**Task instructions**
Could you repeat all of the entries below word for word, apart from the pictures?

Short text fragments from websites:
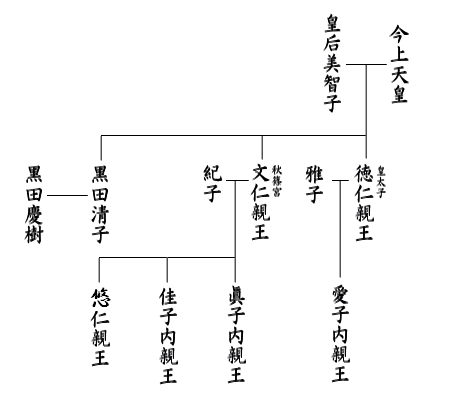 八一八日本皇室那些事儿——皇室的姓氏、继承、分家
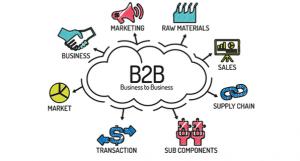 Business-to-Business eCommerce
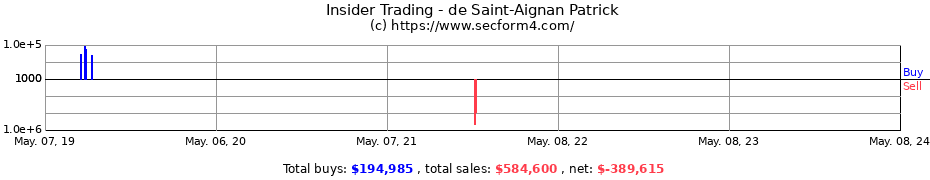Insider Trading Transactions for de Saint-Aignan Patrick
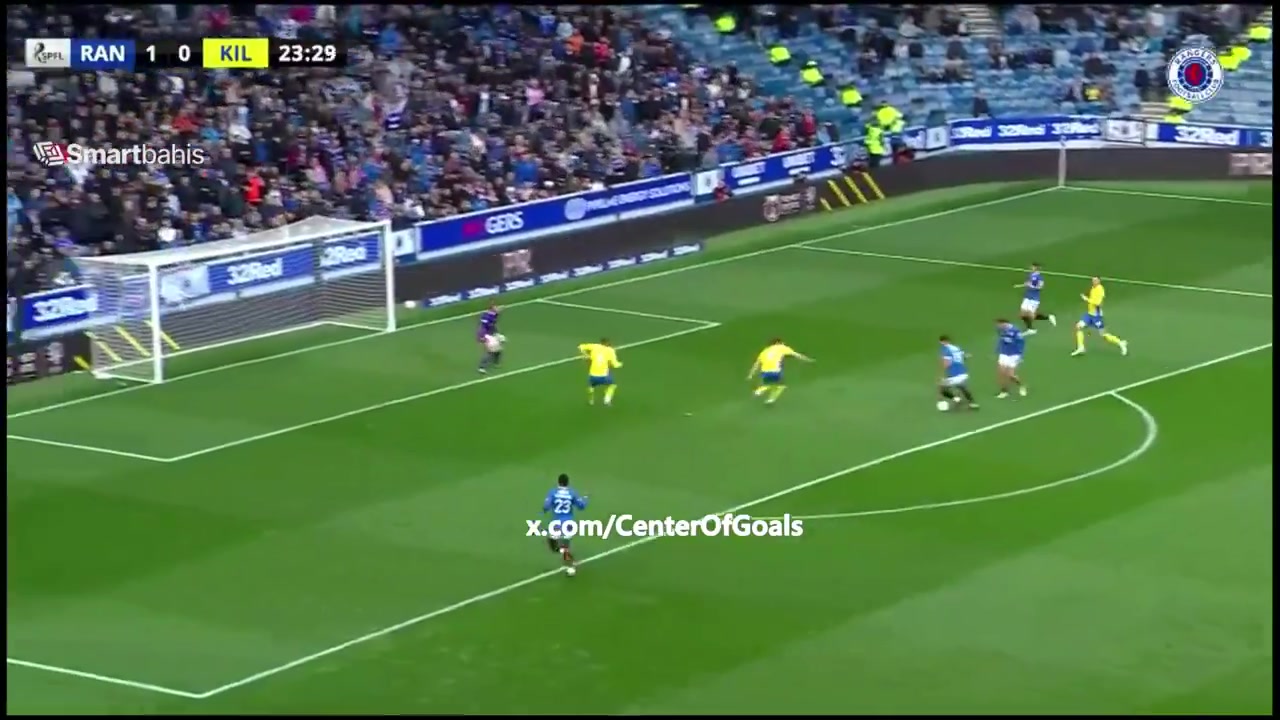 Rangers 2-0 Kilmarnock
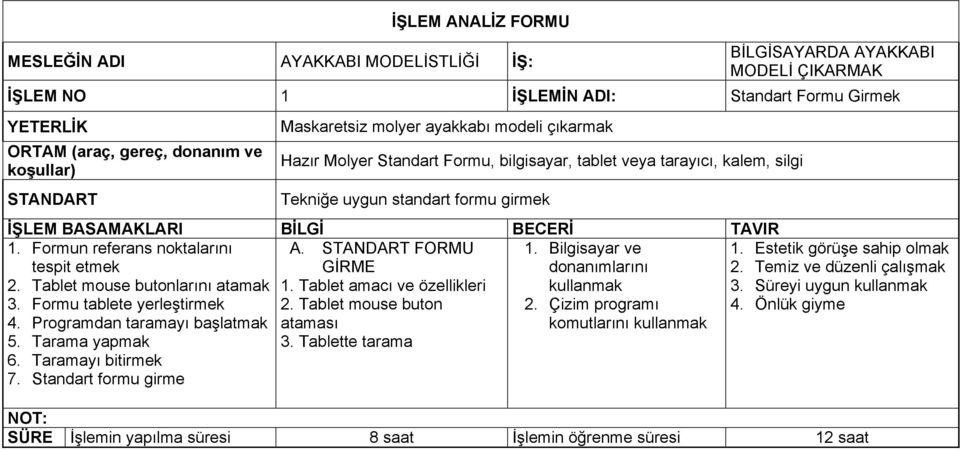 Estetik görüşe sahip olmak 2. Temiz ve düzenli çalışmak 2. Tablet mouse butonlarını atamak 3. Formu tablete yerleştirmek 4. Programdan taramayı başlatmak 5. Tarama yapmak 6. Taramayı bitirmek 7.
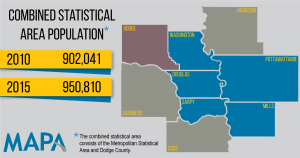 Population-Forecast-CSA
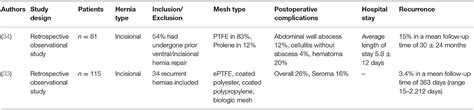 Frontiers Open Intraperitoneal Onlay Mesh Ipom Technique For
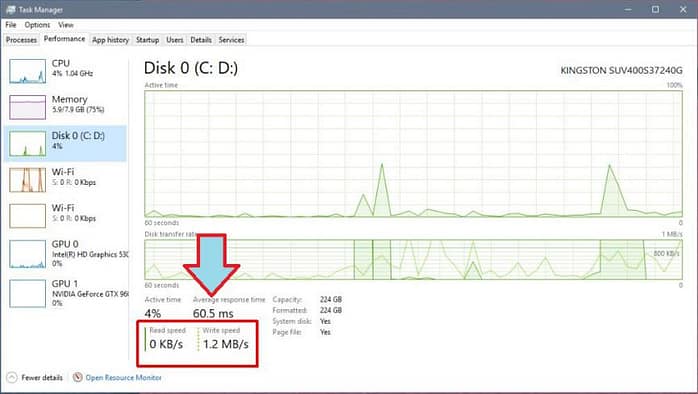 Velocidad en Discos SSD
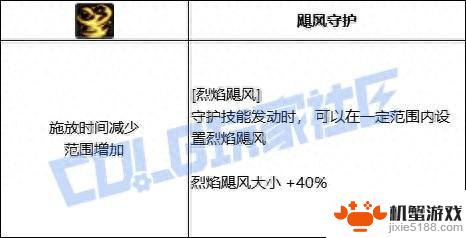 DNF缔造者技能全进化形态一览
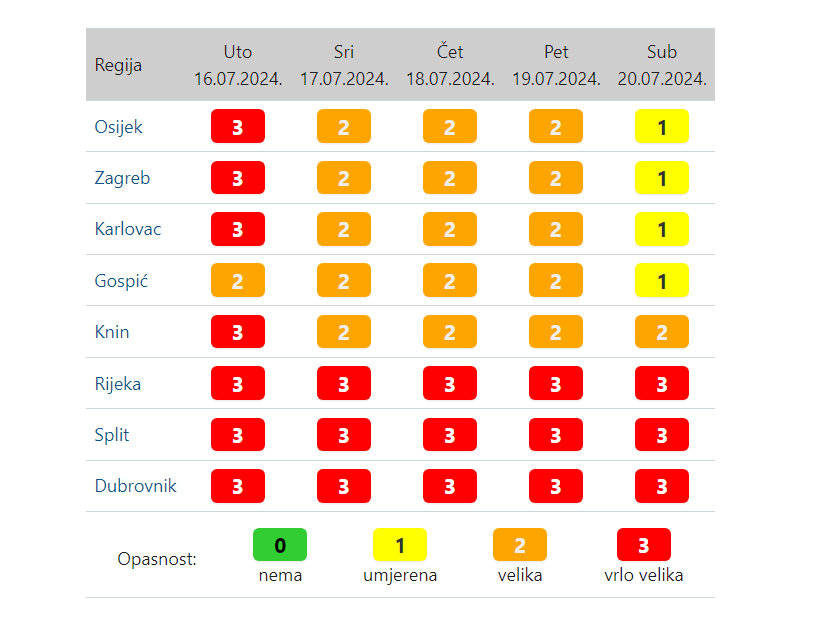 DHMZ za 24sata otkriva kad će kraj toplinskog vala. U jednom dijelu osvježenje stiže ranije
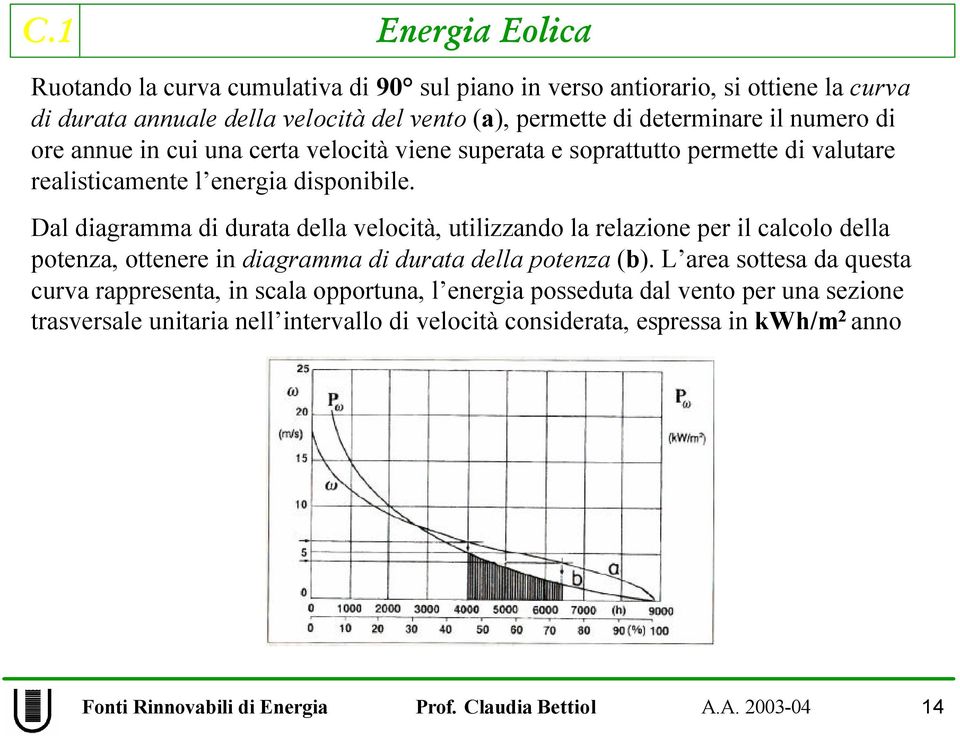 Dal diagramma di durata della velocità, utilizzando la relazione per il calcolo della potenza, ottenere in diagramma di durata della potenza (b).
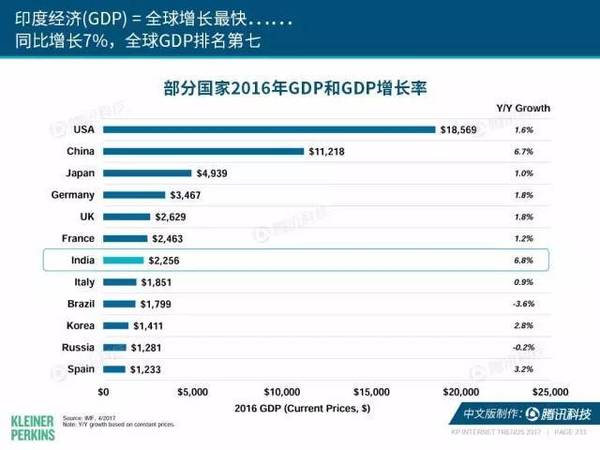 报码:【j2开奖】2017互联网女皇报告中文版：全球网民超34亿，中国哪些领域走在世界前列？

**Solution for this exercise**
 八一八日本皇室那些事儿——皇室的姓氏、继承、分家
 Business-to-Business eCommerce
Insider Trading Transactions for de Saint-Aignan Patrick
 Rangers 2-0 Kilmarnock
 Estetik görüşe sahip olmak 2. Temiz ve düzenli çalışmak 2. Tablet mouse butonlarını atamak 3. Formu tablete yerleştirmek 4. Programdan taramayı başlatmak 5. Tarama yapmak 6. Taramayı bitirmek 7.
 Population-Forecast-CSA
 Frontiers Open Intraperitoneal Onlay Mesh Ipom Technique For
 Velocidad en Discos SSD
 DNF缔造者技能全进化形态一览
 DHMZ za 24sata otkriva kad će kraj toplinskog vala. U jednom dijelu osvježenje stiže ranije
 Dal diagramma di durata della velocità, utilizzando la relazione per il calcolo della potenza, ottenere in diagramma di durata della potenza (b).
 报码:【j2开奖】2017互联网女皇报告中文版：全球网民超34亿，中国哪些领域走在世界前列？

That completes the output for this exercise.